_How to complete this task:_ With pictures left out, extract every line between the start of the records below and the line holding "Calvin Klein Icon", inclusive.

Crawled caption data
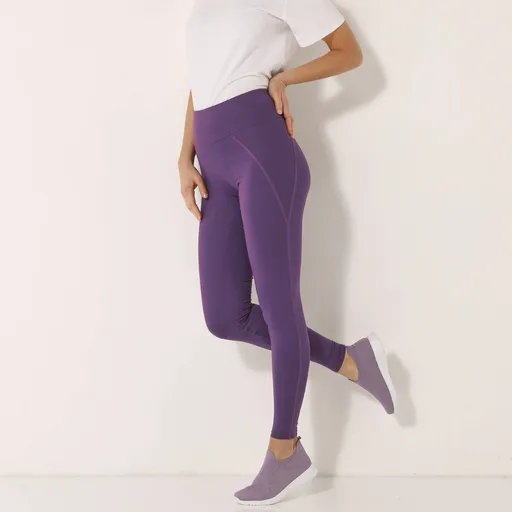 Culoare solidă jambiere sport cu talie înaltă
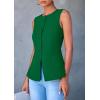 imagePRETTYGARDEN Womens Suit Vest Tops 2025 Summer Dressy Casual Business Button Sleeveless Trendy Fashion Blazer WaistcoatGreen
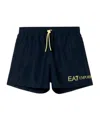 Ea7 Swim Trunks With Logo In Blue
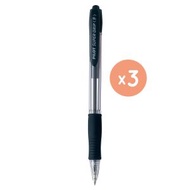 PILOT - BPGP-10R SuperGrip 按掣原子筆, 幼咀, 黑色 x 3支
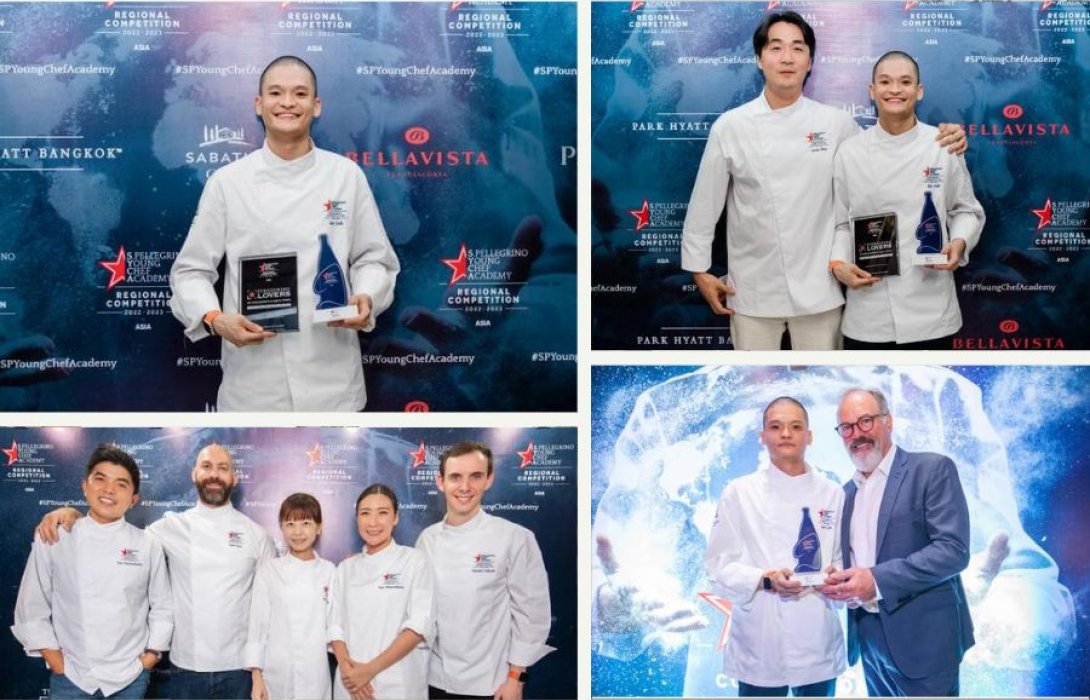 เชฟ Ian Goh จากประเทศสิงคโปร์ ผู้คว้ารางวัล S.Pellegrino Young Chef Academy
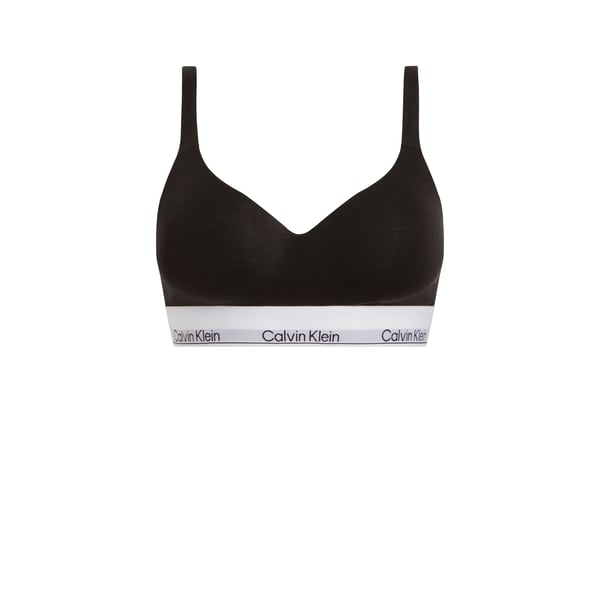 Calvin Klein Icon Cotton Modal Infinity Bond Bralette In Black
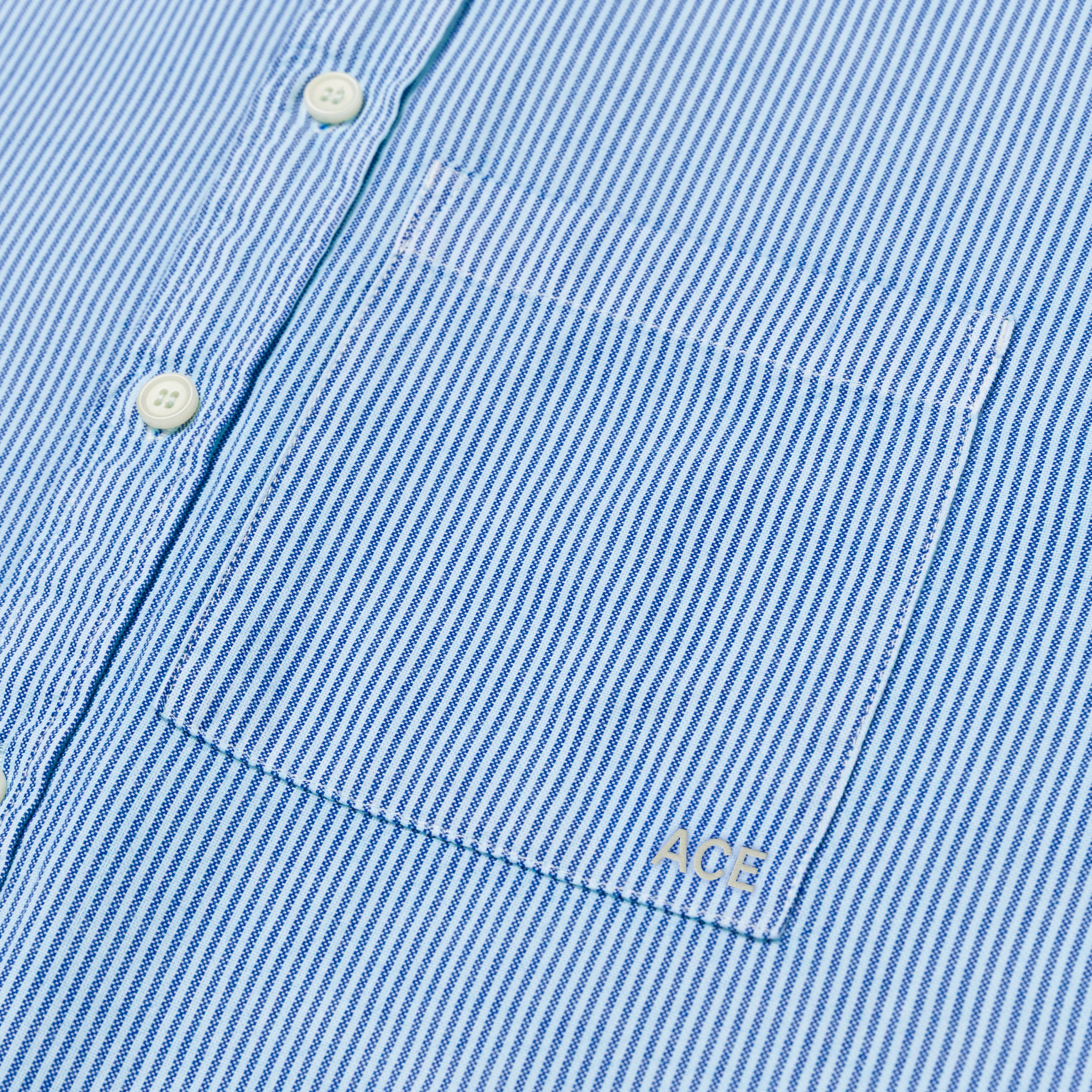 Long Sleeve Oxford Stripe Button Up - Image 4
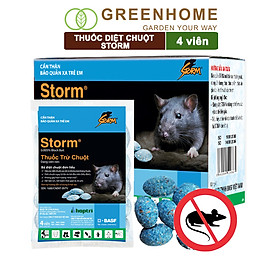 Thuốc diệt chuột sinh học Storm, hiệu quả, an toàn với người, vật nuôi |Greenhome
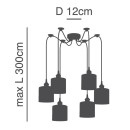 SE21-BR-10-BL6-SH2  MAGNUM BRONZE Grey Shade Pendant+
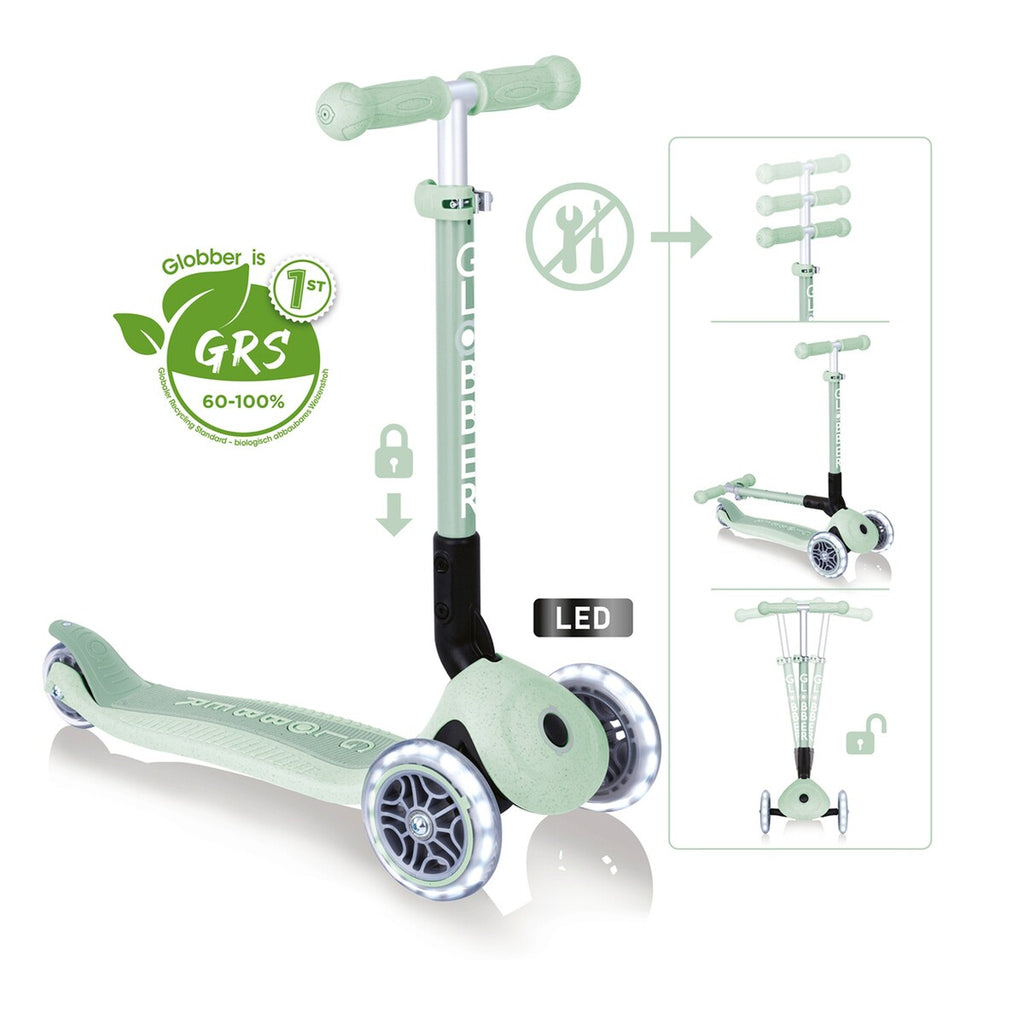 Sparkesykkel Junior Foldable Lights ECO fra 2 år - Globber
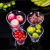Creative Acrylic Vegetables and Fruits Oblique Bowl Thick Transparent Crystal Bevel Fruit Plate Hot Pot Tableware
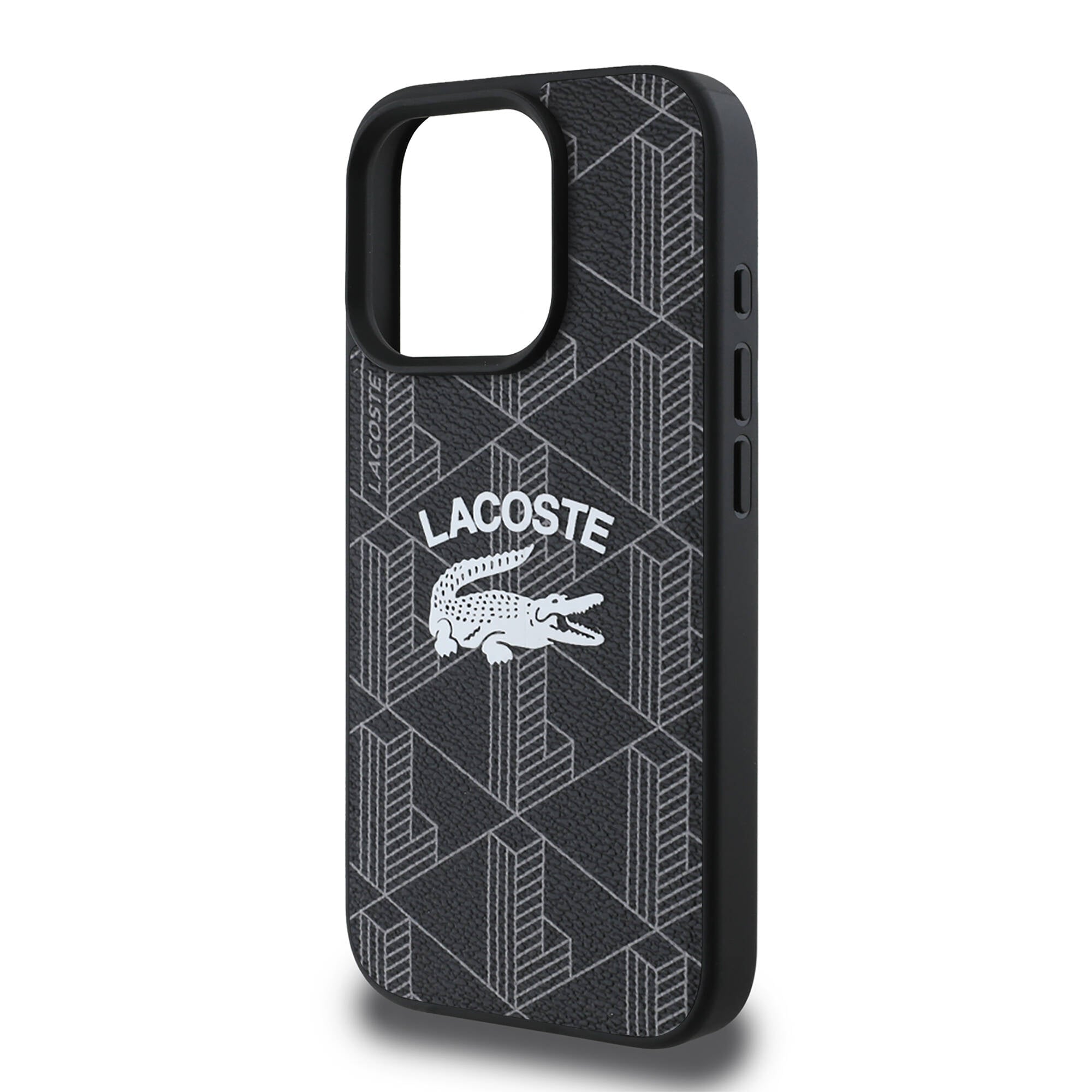 iPhone 16 Pro Max Kılıf Lacoste Orijinal Lisanslı M-safe Şarj Özellikli Mono Vintage Logo Kılıf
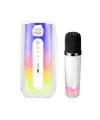 Pluse 7 Mikrofonlu Rgb Kablosuz Hoparlör - Beyaz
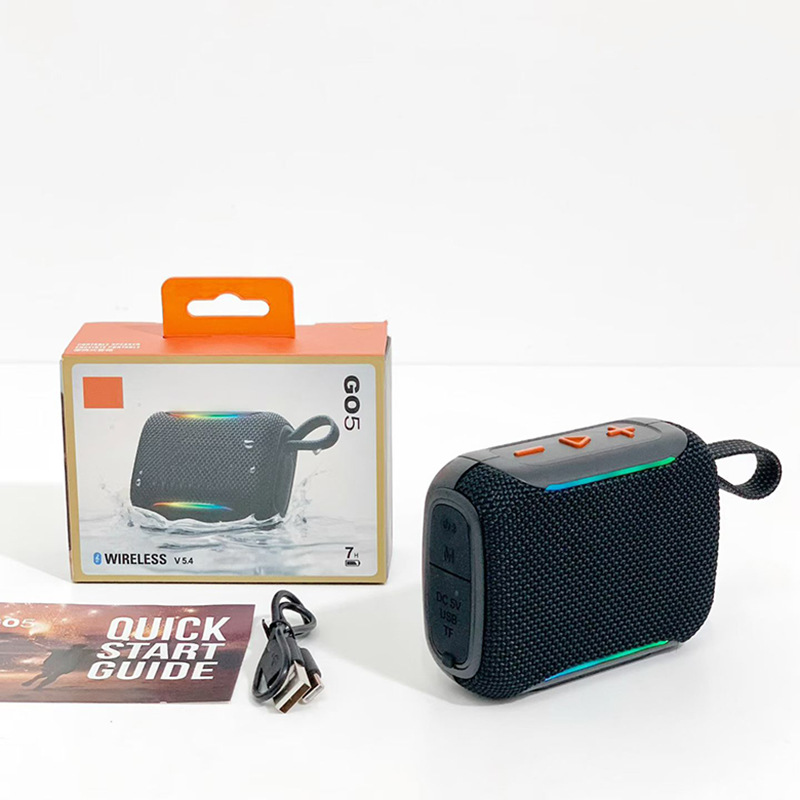 GO5 Wireless Bluetooth Speaker TWS Outdoor Home Portable Mini Bass Card Slot Gift Speaker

_Response:_
 Culoare solidă jambiere sport cu talie înaltă
 imagePRETTYGARDEN Womens Suit Vest Tops 2025 Summer Dressy Casual Business Button Sleeveless Trendy Fashion Blazer WaistcoatGreen
 Ea7 Swim Trunks With Logo In Blue
 PILOT - BPGP-10R SuperGrip 按掣原子筆, 幼咀, 黑色 x 3支
 เชฟ Ian Goh จากประเทศสิงคโปร์ ผู้คว้ารางวัล S.Pellegrino Young Chef Academy
 Calvin Klein Icon Cotton Modal Infinity Bond Bralette In Black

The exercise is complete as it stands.